Irene Aneas is a Press Officer for Leopard Racing, a team that is currently competing in the Moto3 World Championship, a support series for the pinnacle of motorcycle track racing: MotoGP.
As part of her job, Irene travels all over the world to ensure the team’s media runs smoothly, but she has also gained and developed an array of important skills needed to work in the fast-paced and ever-demanding motorsport industry.
Females in Motorsport sat down with Irene to talk to her about her role as a Press Officer, from her journey to Moto3 to what a day at the race track looks like with Leopard Racing.
FinM: Can you outline your role and responsibilities as a Press Officer?
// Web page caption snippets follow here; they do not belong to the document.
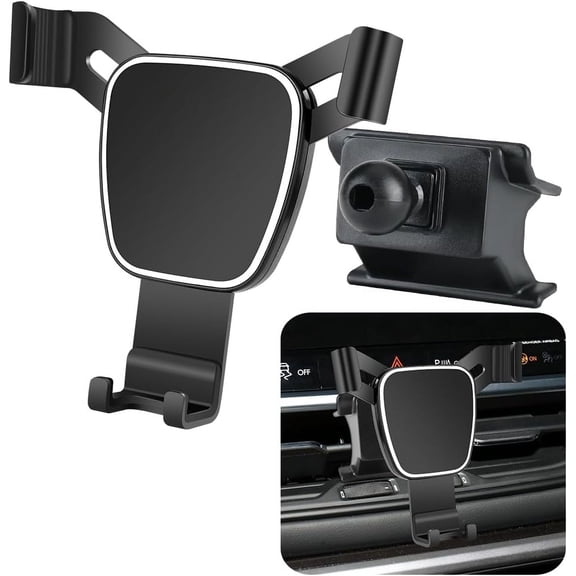 Car Phone Holder for Jeep Compass 2022 2023 2024 2025 2026 Auto Accessories Navigation Bracket Interior Decoration Mobile Cell Phone Mount case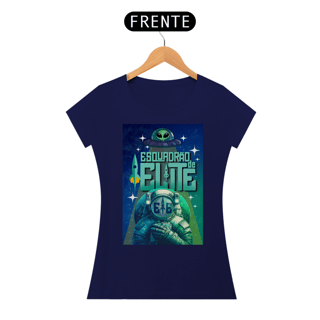Nome do produto Camiseta Esquadrão 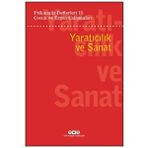 Yapı Kredi Yayınları Psikanaliz Defterleri 15: Çocuk ve Ergen Çalışmaları Yaratıcılık ve Sanat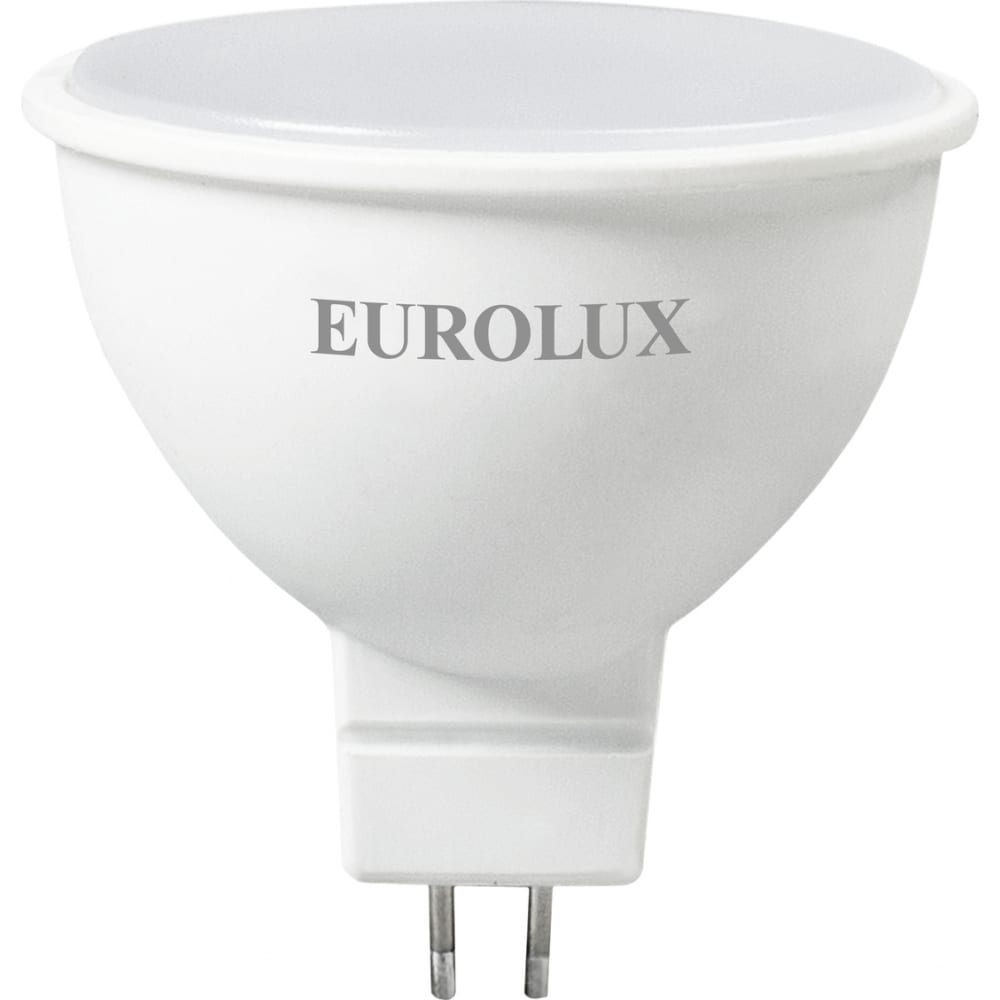 Светодиодная лампа Eurolux - 76/2/24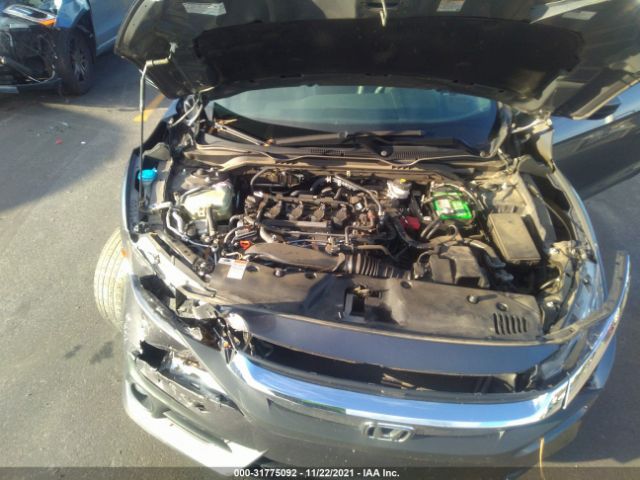 Photo 9 VIN: 2HGFC3B75GH359266 - HONDA CIVIC 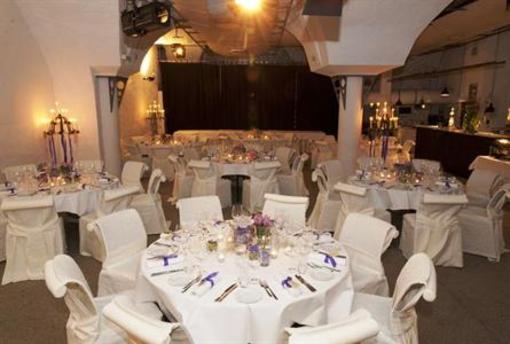 фото отеля Schuetzen Seminarhotel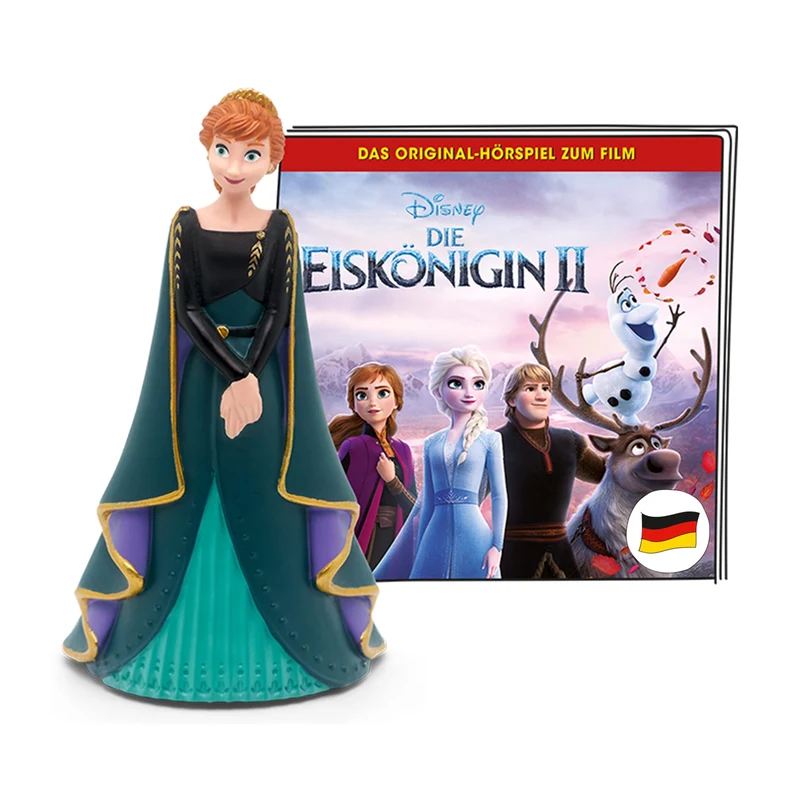 Die Eiskönigin 2 - Disney Die Eiskönigin Tonie-Figur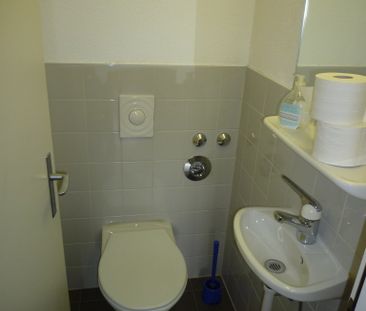 4 Zimmer, 74 m², 1. Stock - Photo 2
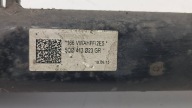 shock absorber left front 5Q0413023GR VOLKSWAGEN GOLF VII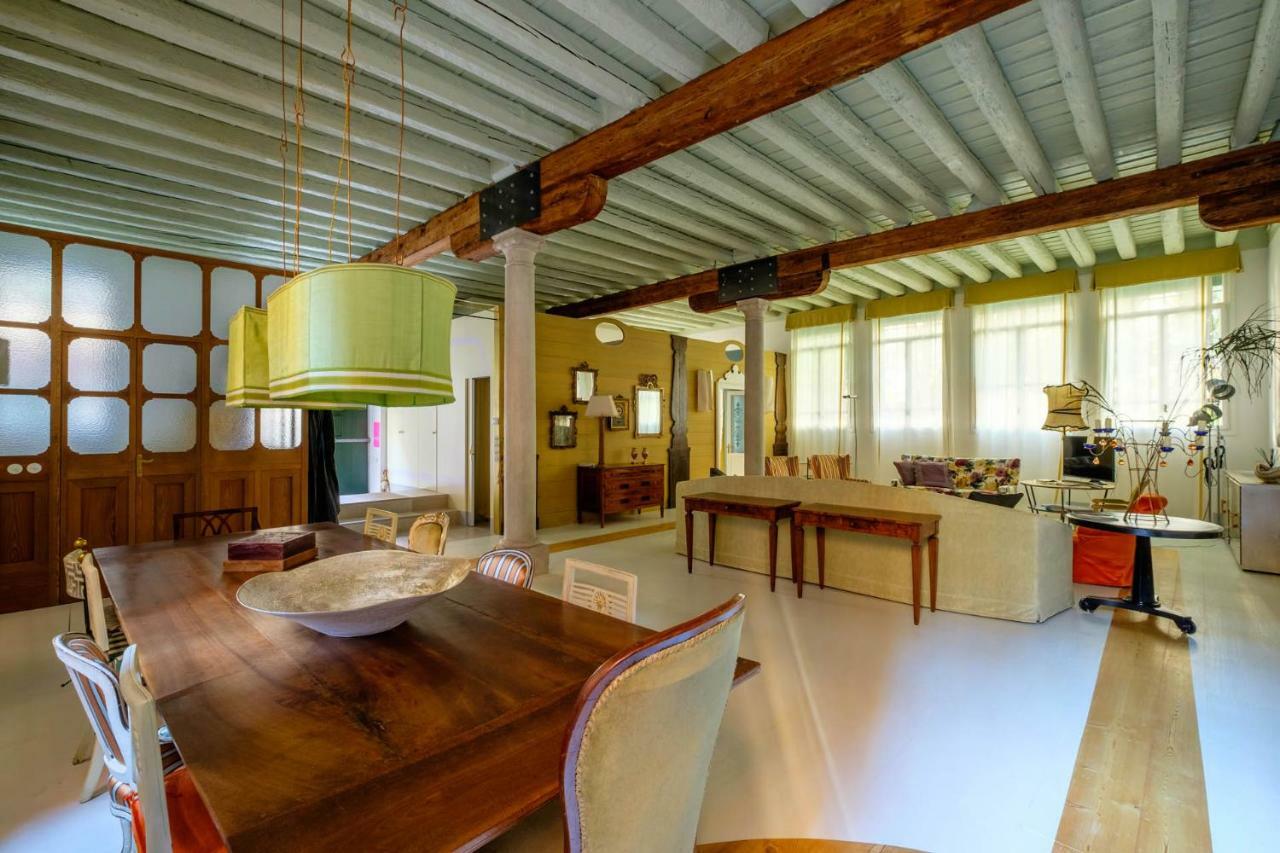 Ca' Del Ramo D'Oro Apartment Venice Exterior photo
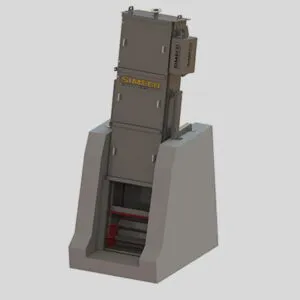 MULTI RAKE BAR SCREEN - Alpha Water & Power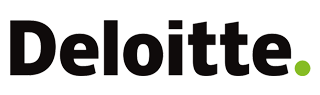 Deloitte logo
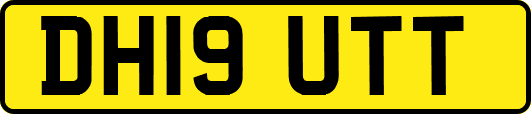 DH19UTT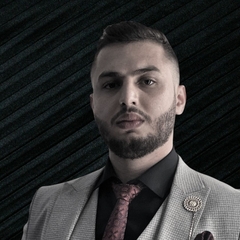 Mohamed Alshariif, Sales & Recruiting
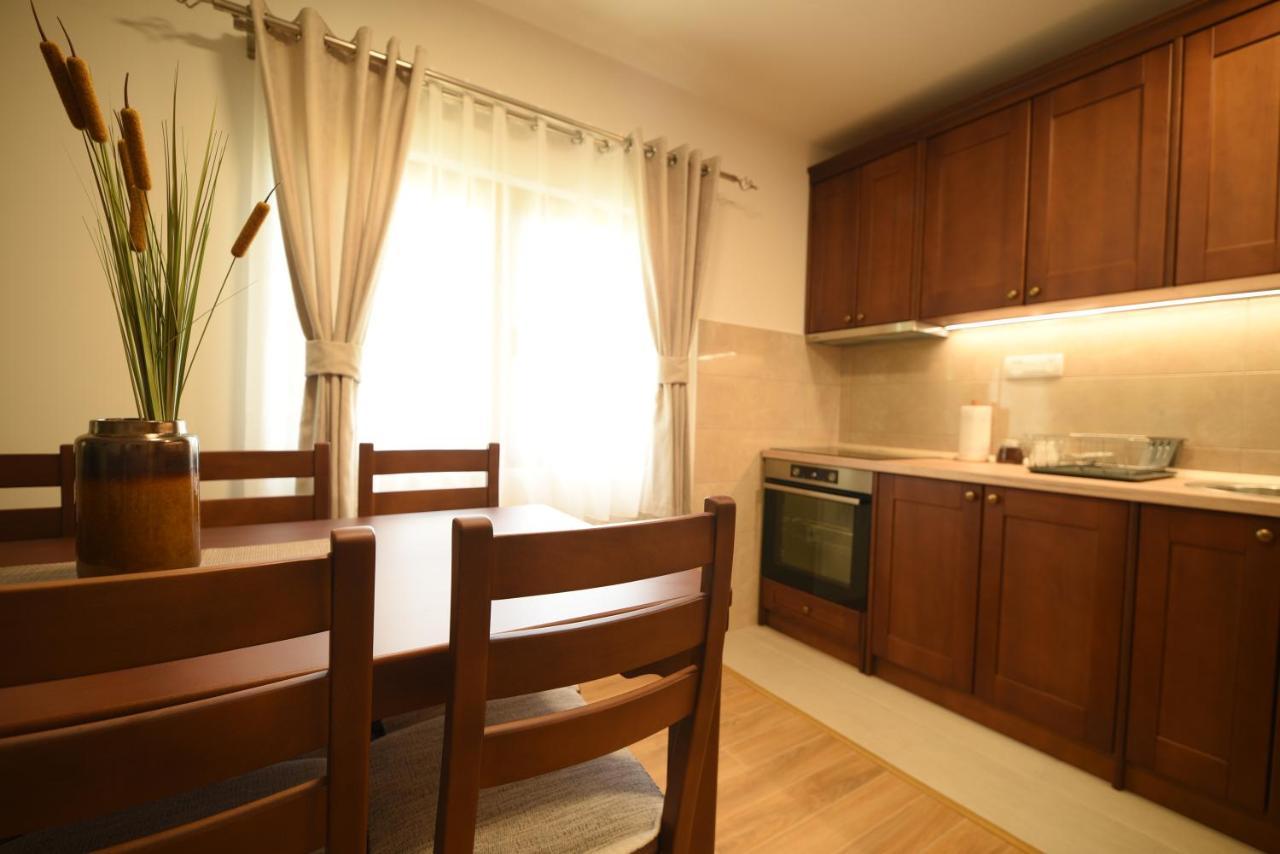 Vukovic House-Moticki Gaj Villa ชาเบลียค ภายนอก รูปภาพ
Irene: My role is to be in charge of the communications of the team. As I work in Moto3, we only have one person occupying this role. This means I have to be in charge of communications, social media, and a little bit of public relations with journalists and sponsors. I have to write press releases, update social media, and have good relationships with everyone. Also, I sort the agenda of our riders and sometimes technical stuff if they have interviews.
What day-to-day tasks do you do on race weekends?
I arrive at the track and if there’s a scheduled interview, I have to make sure the rider goes and I go with him. I listen to the interviews to make sure everything is okay. Also, I take photos and videos for social media. I talk to other journalists and I pay attention to what they say about us. I also pay attention to what the rider and people around us say about the team. At the end of the day, I write the press releases. I also have a really close relationship with our photographers, just to make sure that we have the best footage possible.
How much do you travel? What are your favourite race tracks?
I go to every single race of the season. That means my average number of flights is 70! My favourite race track is Motegi in Japan because it is like going to a very different place, like another reality.
What skills do you need to be a Press Officer?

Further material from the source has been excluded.